Si trattò di una fine prematura: gli artisti punici, infatti, non avevano ancora trovato una via propria. Il ruolo di Cartagine nella storia dell'arte universale rimane nondimeno essenziale: senza la sua azione educatrice, l'arte romana d'Africa non avrebbe mai conosciuto una simile fioritura.

Della Cartagine punica, distrutta prima dai romani e poi definitivamente dagli arabi intorno al 700 d.C, non restano che poche rovine. Le più interessanti si trovano sulla collina di Birsa, dove sorgeva l'acropoli, all'epoca circondata da una cinta di mura. Vi sono state trovate alcune sepolture, ma nessuno degli edifici pubblici e delle abitazioni è sopravvissuto alle conquiste. Poche tracce indicano il santuario di Tophet, il luogo destinato alle sepolture sacrificali, nei cui pressi sorgeva un tempio dedicato agli dèi fenici Tanit e Baal, per i quali venivano immolati i figli dei nobili cartaginesi. Individuato nel 1921, ha permesso di portare alla luce numerose stele che sono servite a ricostruire almeno in parte i costumi dell'epoca. Uno stagno in riva al mare, poco più a nord, è quel che resta dei due grandi porti, quello mercantile e quello militare, che avevano fatto la grandezza di Cartagine.

Qualcosa di più è rimasto, invece, a ricordare l'epoca romana; come le vestigia delle imponenti terme di Antonino, costruite tra il 146 e il 162 d.C. Oggi è visibile soltanto il basamento, dove sorgevano le stanze degli inservienti e i forni in cui si scaldava l'acqua (poi inviata alle sale termali, situate al piano superiore), sorretto da colonne che dovevano avere un diametro di 2 metri e un peso di 70 tonnellate. In anni recenti ne è stata ricostruita una colonna, che raggiunge un'altezza di 15 metri, mentre la volta del frigidarium, in fase di ristrutturazione, dovrebbe superare i 20 metri. 

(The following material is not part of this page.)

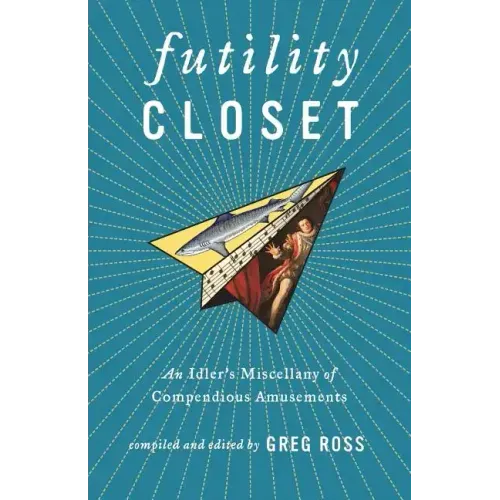 Futility Closet: An Idler's Miscellany of Compendious Amusements
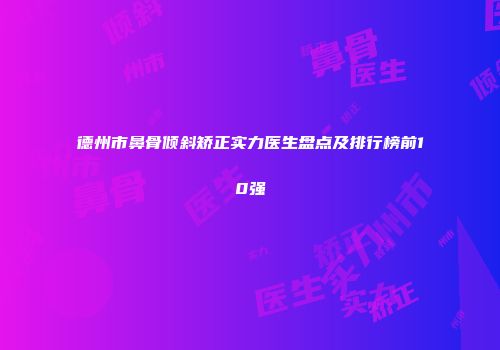 德州市鼻骨倾斜矫正实力医生盘点及排行榜前10强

Poco distante si trova la basilica di Damus el Karita, il cui nome è probabilmente una storpiatura del latino "Domus Charitatis", dove Sant'Agostino predicò tra il 399 e il 413. L'anfiteatro, dove si svolgevano spettacoli di gladiatori e combattimenti di belve famosi in tutto il mondo romano, è stato celebrato come uno dei più grandi dell'impero, ma oggi è appena visibile nel verde dei pini, poiché la maggior parte delle pietre è stata asportata nei secoli per essere destinata ad altre costruzioni. A nord-est dell'anfiteatro si trova una serie di gigantesche cisterne che costituivano la principale fonte idrica della città in epoca romana. 

Scarsi sono i resti del teatro fatto costruire da Adriano, come pure dei templi e delle abitazioni di quell'antica potenza del Mediterraneo. A ricordare la grandezza di Cartagine rimangono piuttosto le collezioni conservate nel Museo Nazionale, che occupa i locali del Seminario dei Padri Bianchi accanto alla cattedrale di San Luigi, costruita dai francesi nel 1890. Qui si trovano vasi, sculture, iscrizioni e ceramiche scoperti durante gli scavi, ultime testimonianze della Cartagine punica, romana e araba: vestigia di un impero scomparso.